The Queensland government is demanding a meeting with the Department of Defence amid environmental fears should a proposed expansion of the Shoalwater Bay defence training grounds go ahead.
The Australian Defence Force has proposed expanding the central Queensland facility as part of a joint training initiative with Singapore.
Queensland environment minister Steven Miles says the approximately 5000 hectares of public land involved in the proposed expansion is “environmentally significant”.
Dr Miles says he has written to Defence Minister Marise Payne to request a briefing from the department about their concerns.
“This is definitely worth fighting for because not only is it public land, it is home to a variety of flora and fauna species of conservation significance,” he said.
Dr Miles says the area under question includes 14 regional ecosystems of “biodiversity significance for Queensland” and are home to 11 flora and fauna species of state conservation significance.

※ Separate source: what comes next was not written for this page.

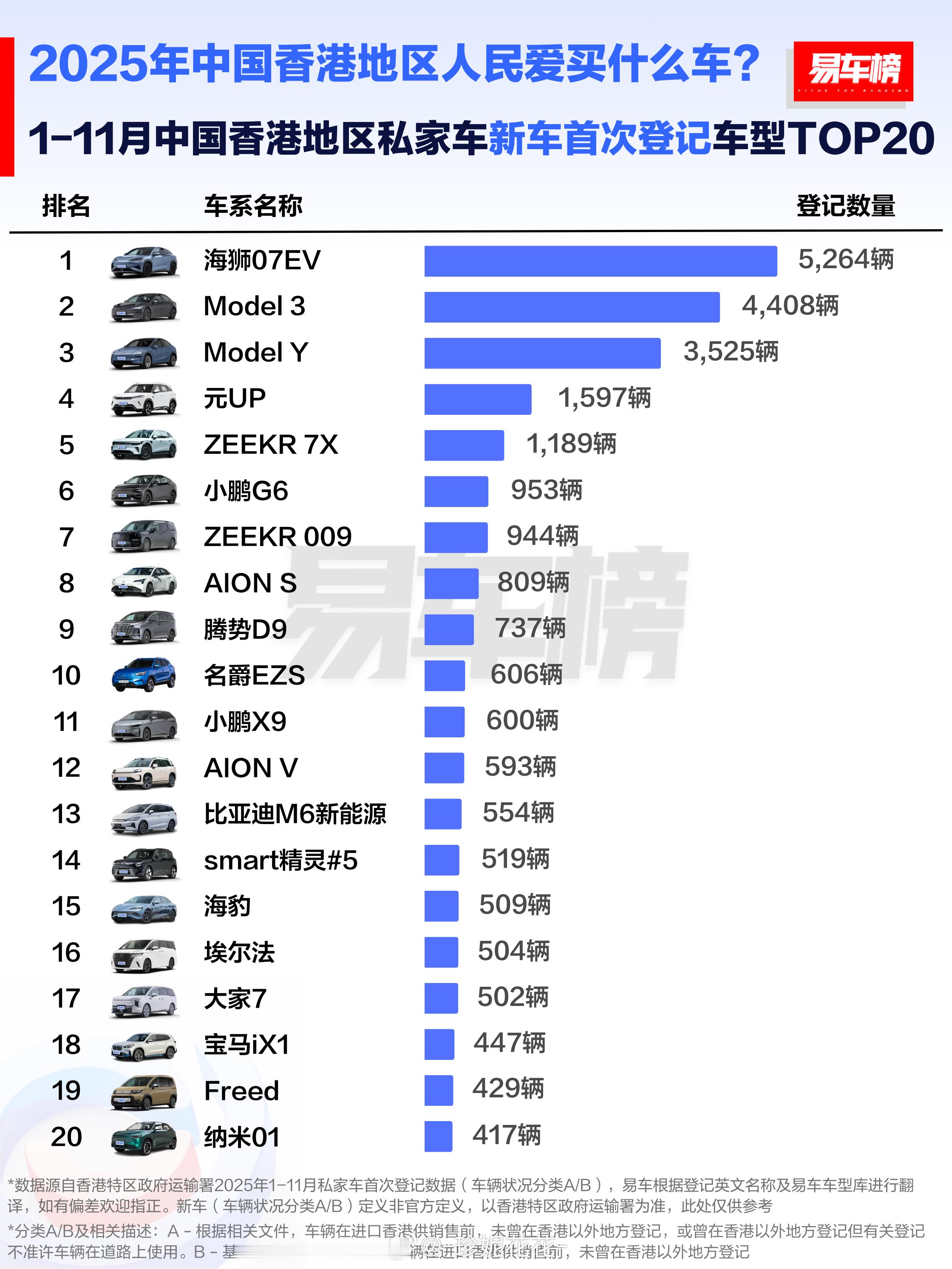 2025中国香港人民都爱买什么车？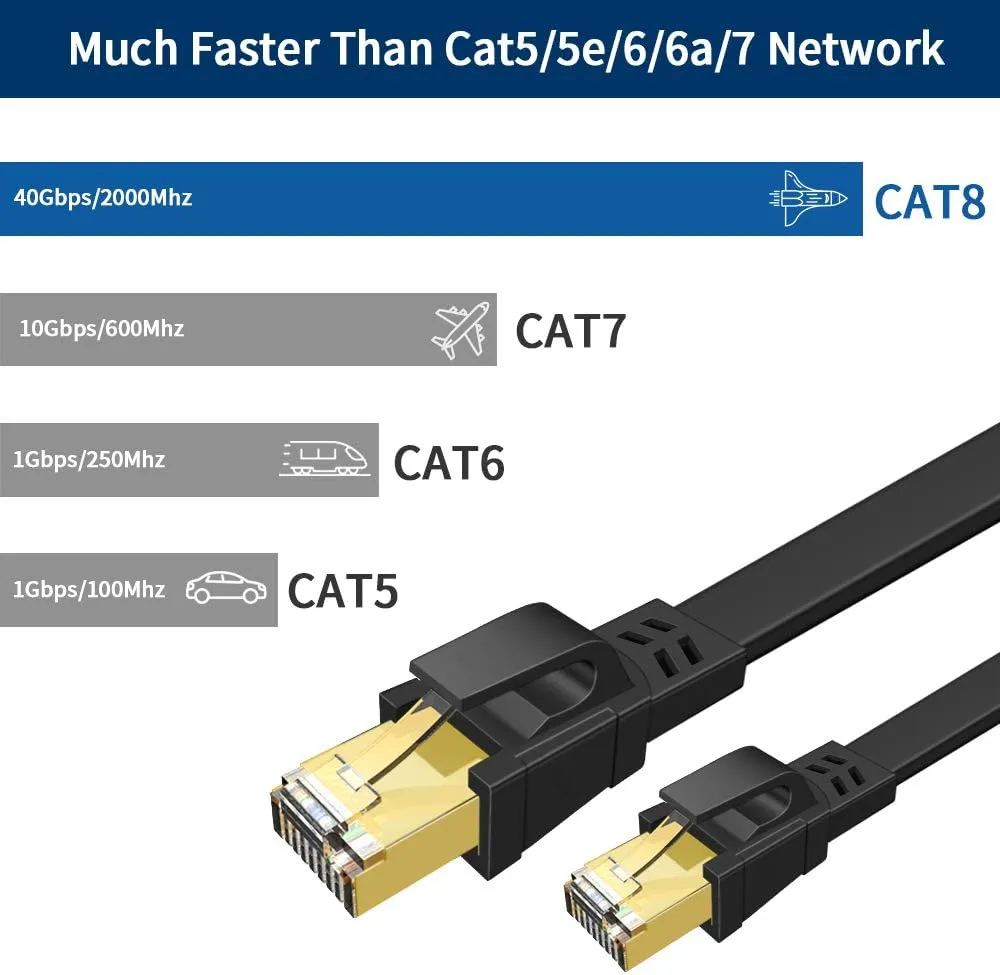 DEEGO Cat 8 Ethernet Cable 75 ft, High Speed 40Gbps 2000MHz Flat Gigabit Internet Cable Shielded with Gold Plated RJ45 Connector, U/FTP 30AWG Long LAN Cable Fit PS4, PS5, Router, Modem, Gaming - Black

“These include two endangered species of Cycad, six vulnerable species including the Beach Stone Curlew and Black-breasted Button-Quail, and three near-threatened tree and shrub species,” he said.
Under the Commonwealth Land Acquisition Act of 1989, the federal government can acquire state government land through compulsory acquisition powers.
Dr Miles says while it is within the federal government’s power to acquire the land, he expects the Department of Defence to assess environmental impacts if the expansion goes ahead.
Senator Payne met with the Rockhampton community last Monday to outline new timelines for the proposed expansion.
Government approval for the proposed upgrades is expected to be announced in the second half of the year with land acquisition set to commence after that approval.
Pauline Hanson’s One Nation party has thrown its support behind farmers who will lose land.